Carried interest is both boring and disruptive 

Carried interest is the percentage of an investment’s gains that a fund manager takes as compensation. At most private equity/VC firms and hedge funds, the share of profits paid to managers is about 20%. Under existing US law, that money is taxed at a capital gains rate of 20% for top earners. That’s about half the rate of the top individual income tax bracket, which is 37 %

Yes, carried interest is a boring wonky subject.

Back in 2017 I opined that carried interest was the wild card that could disrupt the massive fund management business. That is the exciting disruptive part of carried interest, so please keep reading.

The recent news is that an agreement was reached between Senators  Chuck Schumer and Joe Manchin that could end the special tax treatment of carried interest.

Latest news is political again which was that, in order to get Kyrsten Sinema on board with the main bill, the casualty was ending the special tax treatment of carried interest.

I still believe that politicians will find a way to explain a boring wonky subject to electors in a populist way and that it is only a question of when(not if) carried interest gets taxed at income tax rates.

Many smart investors are already thinking this way. This will make the massive fund management business move from 2 and 20 to 0 and 30 and that is wildly disruptive to the status quo.Let me explain.

Let’s say you are an angel investor with a good track record. You invest your own money which is properly taxed at the capital gains rate – it is a high risk investment. You then invite other investors to copy/follow your investments if they will pay you 30% of the profits.
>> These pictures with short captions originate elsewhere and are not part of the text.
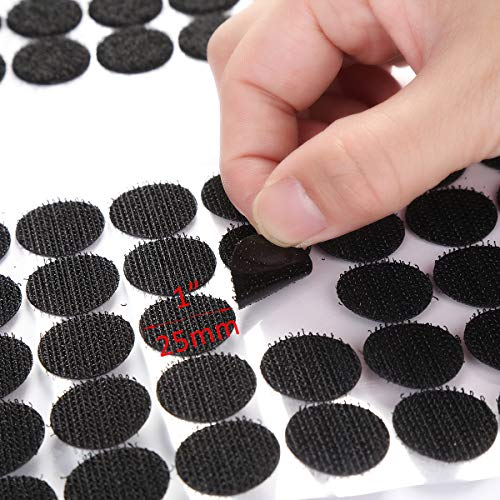 MYUREN Sticky Back Coins Black Self Adhesive Dots 500pcs(250 Pairs) 1" Diameter Hook and Loop Dots Taps Perfect for School, Office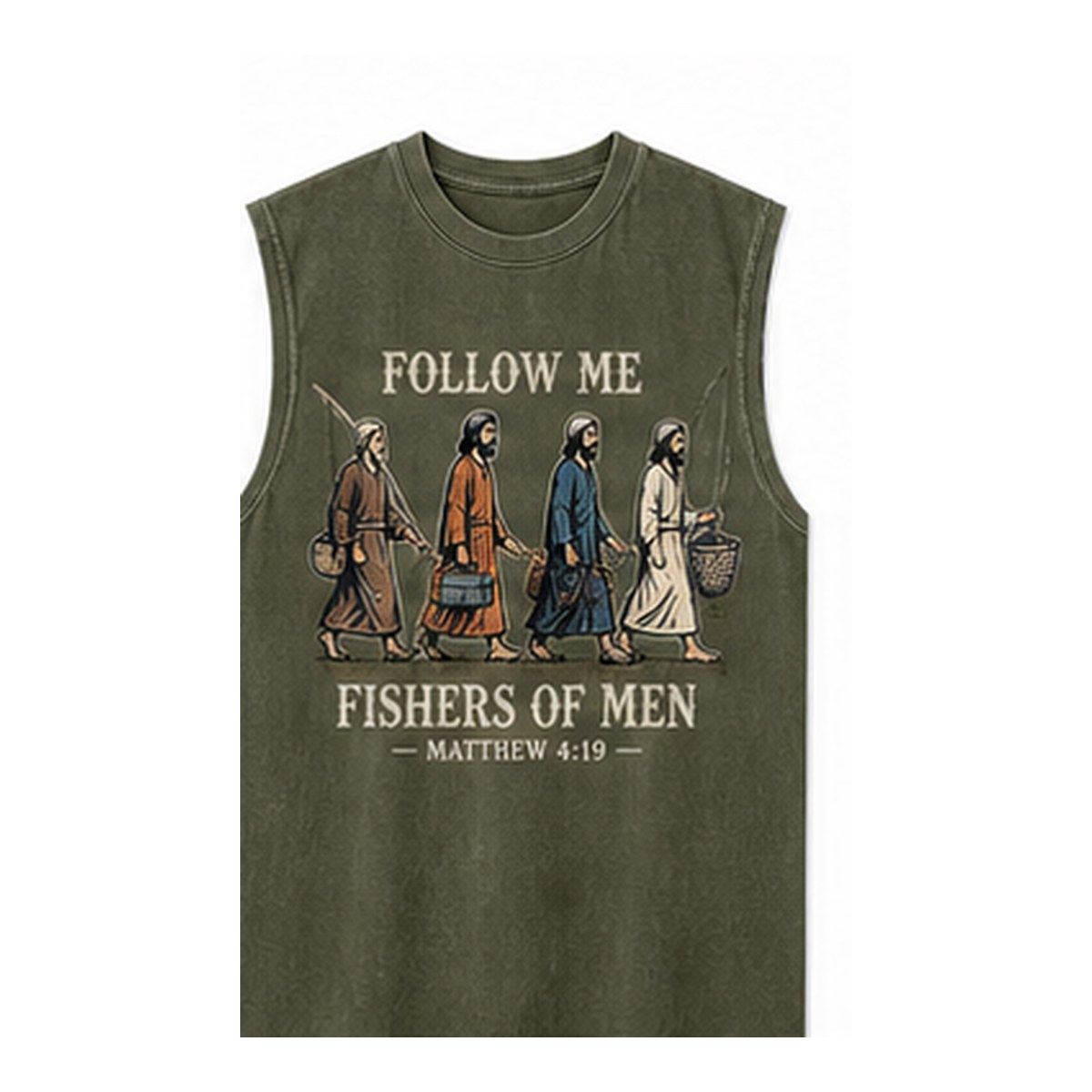 Men's Follow Me Fishers of Men sleeveless tee - variant olive
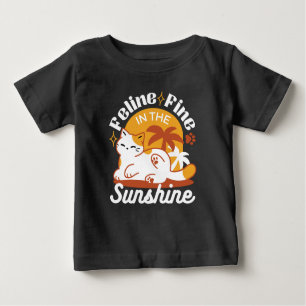 Adorable Cat Relaxing in the Sunshine – Summer Pet Baby T-Shirt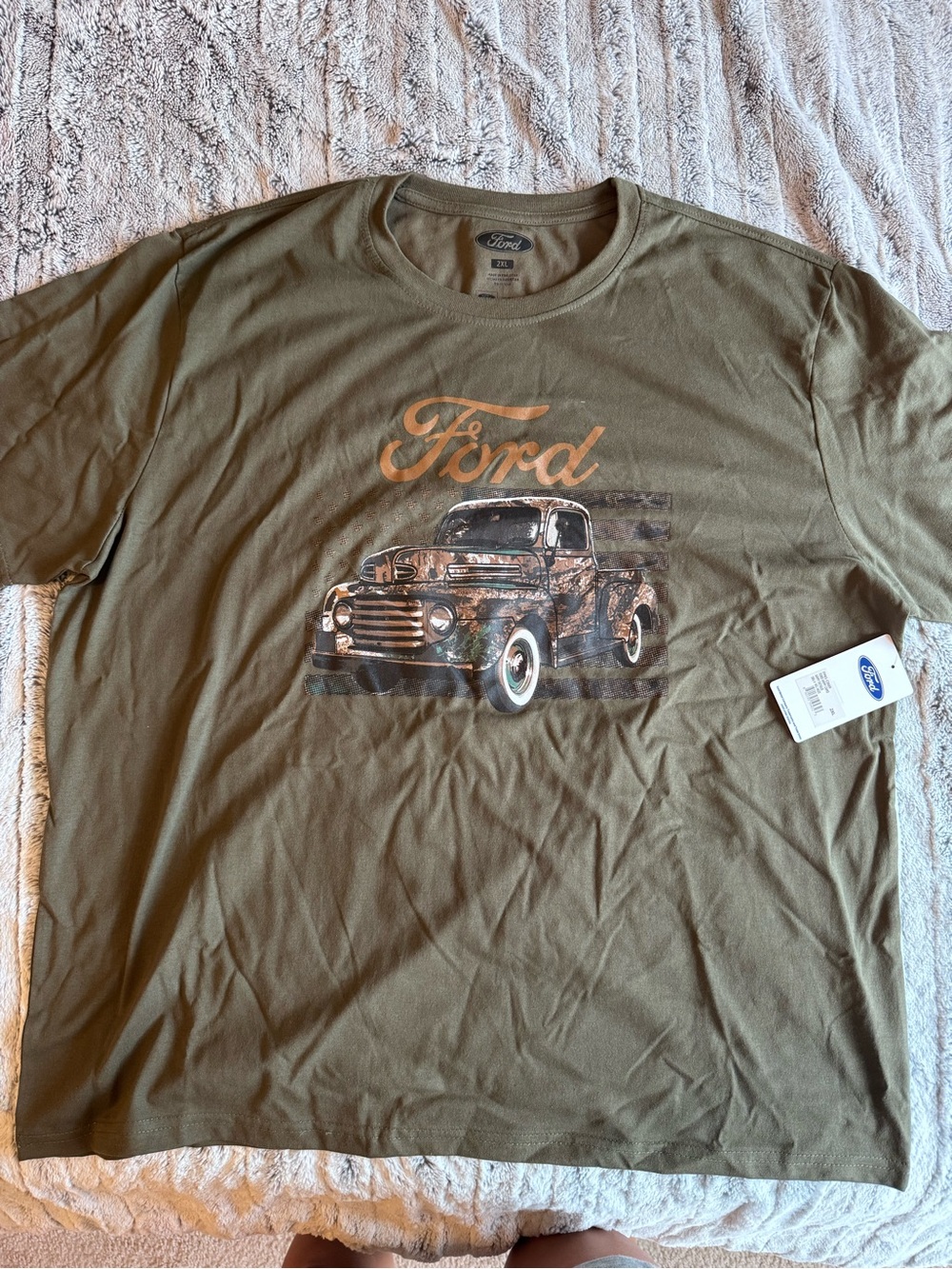 Ford Olive Green Short Sleeve Tee with Vintage Truck Graphic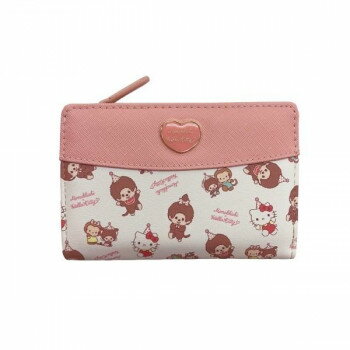 モンチッチ×ハローキティ Lファスナー札入 ピンク MC1-1【同梱・代引き不可】(4)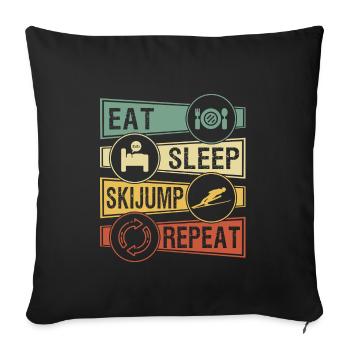ski jumping - Sofa pillowcase 17,3'' x 17,3'' (45 x 45 cm) - black - Front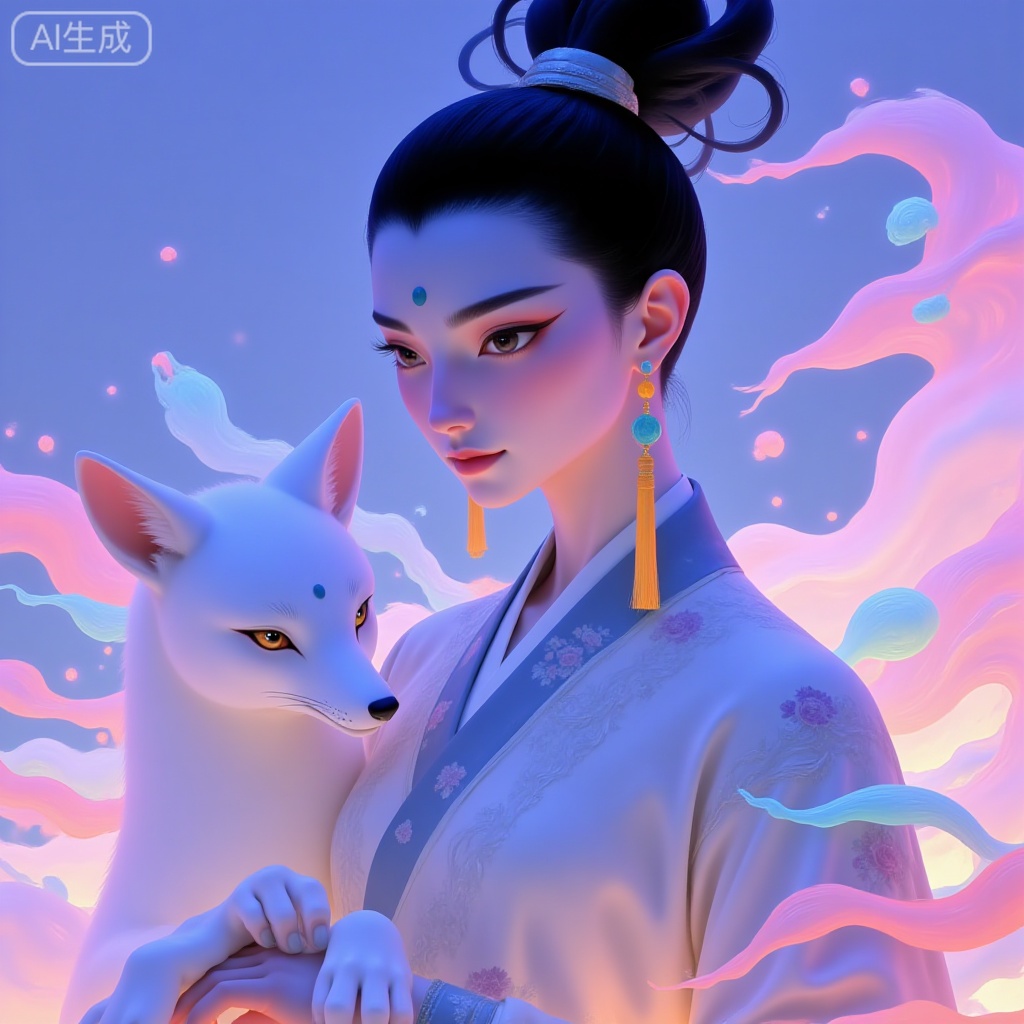 A full-body portrait of an Eastern woman, with a white fox beside her, featuring an elegant and twisted topknot hairstyle, curved willow-leaf eyebrows, golden tassel earrings, a blue flower mark on the forehead, wearing layered jade ornaments, dressed in flowing silk clothing with peony patterns, surrounded by glowing (pink, cyan, silver, etc.) fantasy elements that resemble starlight and petal-shaped decorations, creating an overall atmosphere of elegance and Eastern fairy-tale flavor, with soft color contrasts, gentle visual impact and poetic sense.
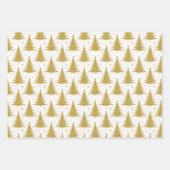 Metallischer Gold Weihnachtsbaumen Muster Glitzer Geschenkpapier Set (Vorderseite)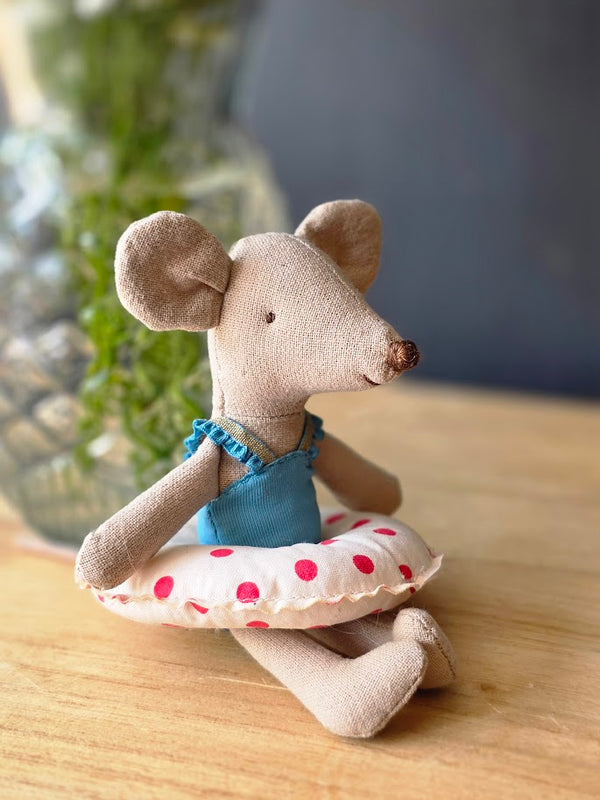 Maileg, Beach Mouse with Float, Little Sister - Red Dots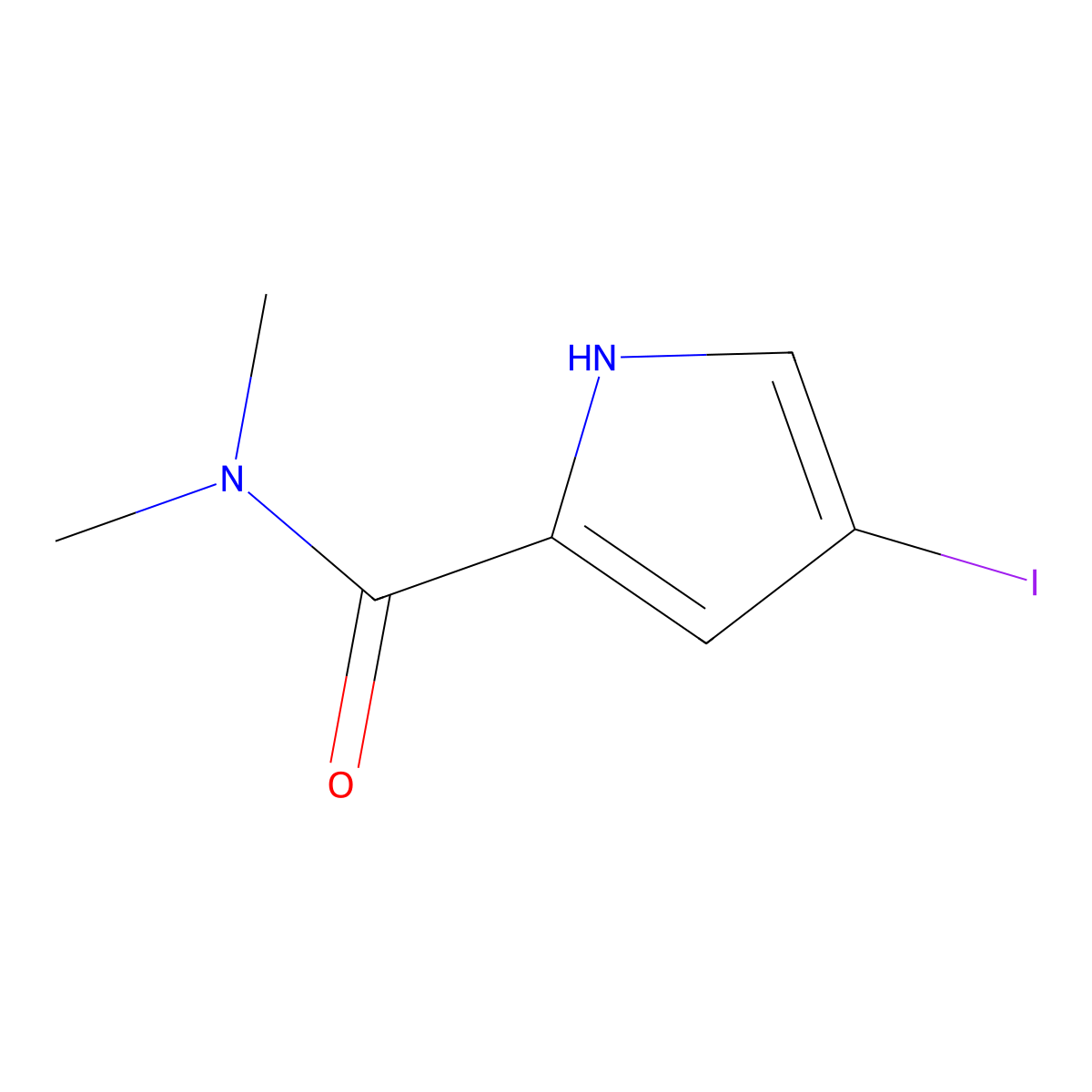 4-iodo-N,N-dimethyl-1H-pyrrole-2-carboxamide molecular structure, CAS 1092352-92-5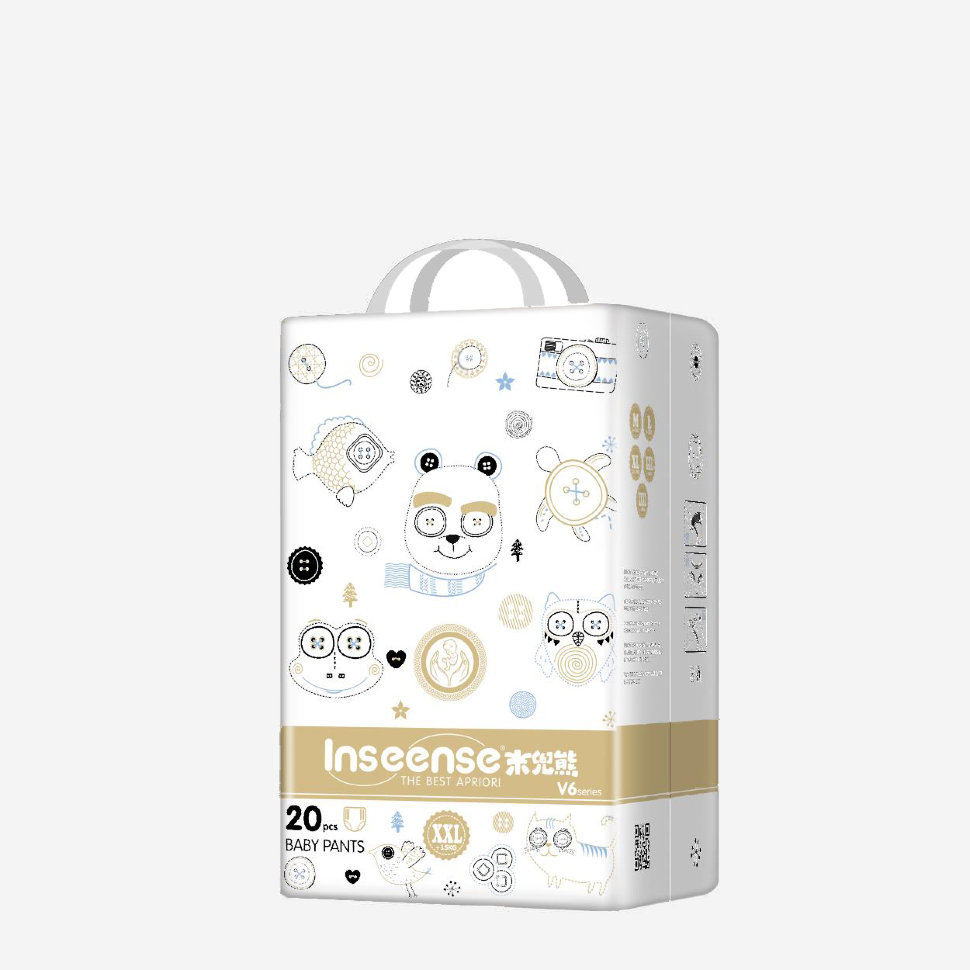 

Трусики-подгузники Inseense V6 , 20 штук, XXL, золотая упаковка, супертонкие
Investors will probably pay 30% to the angel, rather than 20% to a traditional fund because investors won’t have to pay the usual 2% Assets Under Management fund fee to the angel. The following investor could make a return on 70% without any upfront risk.

That 30% carry/follow fee will be taxed at income tax rates, as it should be as it is risk-free income.

Angel List could be the firm that makes this happen and will reap a big reward if they do.

Angel List shows why boring is good business. They have built a huge business connecting Angel investors and entrepreneurs by taking care of all those “boring” back office details – like being paid correctly! Angel List clearly understand carried interest.

One boring detail that Angel List could take care of is tax deductions for the 30% carry/follow fee.